Hinter den Kulissen

Wälsungenblut und Goethe

»Er liebte zu lesen, trachtete nach dem Wort und dem Geist als nach einem Rüstzeug, auf das ein tiefer Trieb ihn verwies.« Roland Spahr über die Erzählungen »Wälsungenblut« und »Goethe« von Thomas Mann.

Wälsungenblut

Thomas Manns skandalumwobene Erzählung »Wälsungenblut« entstand 1905, im Jahr der Hochzeit mit Katia Pringsheim. Es bedarf keiner großen Phantasie, um in der großbürgerlich-jüdischen Familie der Erzählung ein bösartiges Porträt der Familie Pringsheim  zu sehen, zumal der Schwiegervater Alfred Pringsheim als Wagner-Verehrer bekannt war und die beiden Kinder Katia und Klaus ein Zwillingspaar bildeten. Die Analogien zur Erzählung scheinen auf der Hand zu liegen.

Die überheblichen Zwillinge Sieglind und Siegmund Aarenhold verbringen vor Sieglinds Hochzeit einen letzten gemeinsamen Abend in der Oper. Wagners »Walküre« wird gespielt, und die rauschhafte Liebe der Wälsungen-Zwillinge auf der Bühne verführt Sieglind und Siegmund zum Äußersten. In einem inzestuösen Akt verhöhnen sie den nichtjüdischen Bräutigam Sieglinds.

Bei Thomas Mann war der Familienkrach vorprogrammiert. Die Erzählung, die in der »Neuen Rundschau« erscheinen sollte, musste zurückgezogen werden. Erst 1921 entschloss sich Thomas Mann zur Veröffentlichung. In einem Privatdruck von 530 Exemplaren wurde »Wälsungenblut« einem auserlesenen Publikum vorgelegt. Die Ausgabe war mit Steindrucken von Thomas Theodor Heine versehen, einem berühmten Buchkünstler und Illustrator, der vor allem als Begründer der berüchtigten Satirezeitschrift »Simplicissimus« bekannt war.

Aus Rücksicht auf die Familie seiner Frau hat Thomas Mann den Schluss der Erzählung geändert. Nur in einem persönlichen Exemplar für seinen Freund Ernst Bertram hat er die ursprüngliche Fassung handschriftlich eingetragen.

 

Goethe               

Für Thomas Mann hatte Goethe eine kaum zu überschätzende Anziehungskraft. Er bewunderte seine Dichtungen: »Faust«, »Werther«, »Wahlverwandtschaften«; er schrieb mit »Lotte in Weimar« einen epochalen Goethe-Roman und setzte sich im »Doktor Faustus« neben anderen auch mit Goethes Faust-Dichtung auseinander. Er bewunderte aber auch Goethes Auffassung vom Leben als Kunstwerk, Goethe als Repräsentanten und Dichterfürsten.

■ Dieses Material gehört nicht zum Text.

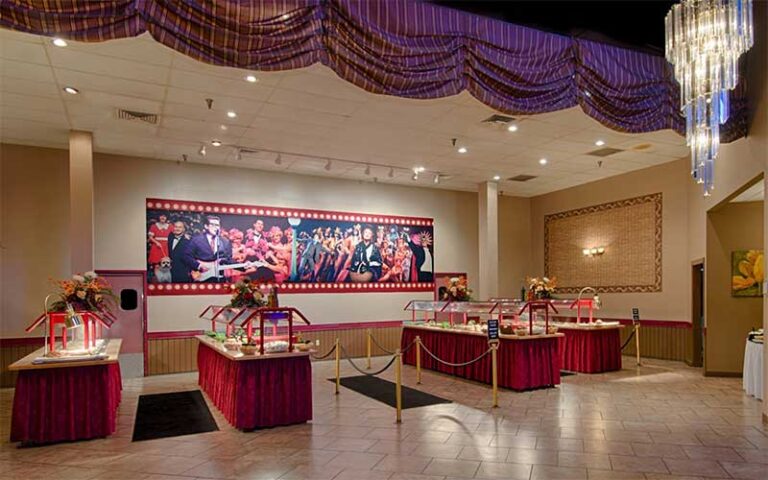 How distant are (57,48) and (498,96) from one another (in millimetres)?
4639

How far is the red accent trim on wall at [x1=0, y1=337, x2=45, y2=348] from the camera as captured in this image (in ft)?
29.5

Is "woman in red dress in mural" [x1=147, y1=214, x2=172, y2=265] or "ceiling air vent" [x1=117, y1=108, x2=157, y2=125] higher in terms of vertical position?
"ceiling air vent" [x1=117, y1=108, x2=157, y2=125]

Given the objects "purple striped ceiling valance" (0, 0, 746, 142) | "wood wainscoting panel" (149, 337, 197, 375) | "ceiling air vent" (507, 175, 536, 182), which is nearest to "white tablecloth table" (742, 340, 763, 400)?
"purple striped ceiling valance" (0, 0, 746, 142)

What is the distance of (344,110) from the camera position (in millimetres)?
7516

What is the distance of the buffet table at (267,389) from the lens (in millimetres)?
5938

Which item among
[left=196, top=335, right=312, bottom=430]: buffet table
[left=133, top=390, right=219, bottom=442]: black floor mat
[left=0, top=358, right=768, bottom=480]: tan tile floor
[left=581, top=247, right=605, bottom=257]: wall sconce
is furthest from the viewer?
[left=581, top=247, right=605, bottom=257]: wall sconce

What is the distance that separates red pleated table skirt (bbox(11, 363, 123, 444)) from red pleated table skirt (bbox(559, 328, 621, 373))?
25.5 ft

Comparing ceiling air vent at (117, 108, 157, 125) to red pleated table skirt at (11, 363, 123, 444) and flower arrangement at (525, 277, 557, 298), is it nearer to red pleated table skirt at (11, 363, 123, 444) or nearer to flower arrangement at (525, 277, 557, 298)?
red pleated table skirt at (11, 363, 123, 444)

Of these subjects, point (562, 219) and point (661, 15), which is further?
point (562, 219)

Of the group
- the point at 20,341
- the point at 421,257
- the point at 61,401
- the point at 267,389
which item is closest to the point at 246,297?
the point at 267,389

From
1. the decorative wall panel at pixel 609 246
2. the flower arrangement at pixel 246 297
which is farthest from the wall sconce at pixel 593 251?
the flower arrangement at pixel 246 297

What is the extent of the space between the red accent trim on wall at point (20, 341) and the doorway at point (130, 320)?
110cm

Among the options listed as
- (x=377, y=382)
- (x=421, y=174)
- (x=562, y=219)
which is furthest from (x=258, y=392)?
(x=562, y=219)

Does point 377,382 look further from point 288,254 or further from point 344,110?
point 344,110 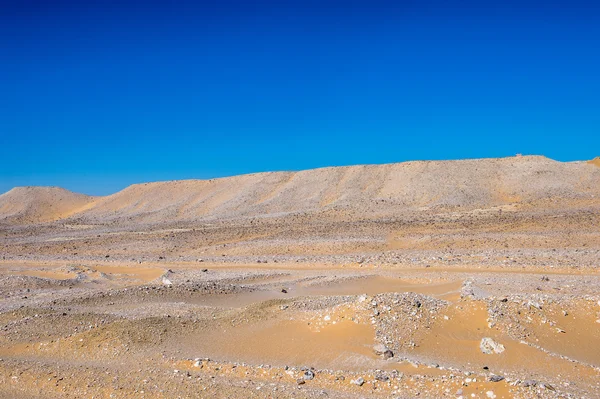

Intensiv hat sich Thomas Mann erst ab den 1920er Jahren, also nach seinem Bekenntnis zur Republik, mit Goethe beschäftigt. In dieser zweiten Lebenshälfte sind allerdings über zehn bedeutende und umfangreiche Essays über Goethe entstanden, die in den meisten Fällen als Einleitungen oder Festreden konzipiert waren. Nach vielen Jahrzehnten werden im Band »Thomas Mann: Goethe« diese Essays zum ersten Mal wieder gesammelt veröffentlicht und durch eine ausführliche Einleitung und einen fundierten Kommentar erschlossen und kontextualisiert.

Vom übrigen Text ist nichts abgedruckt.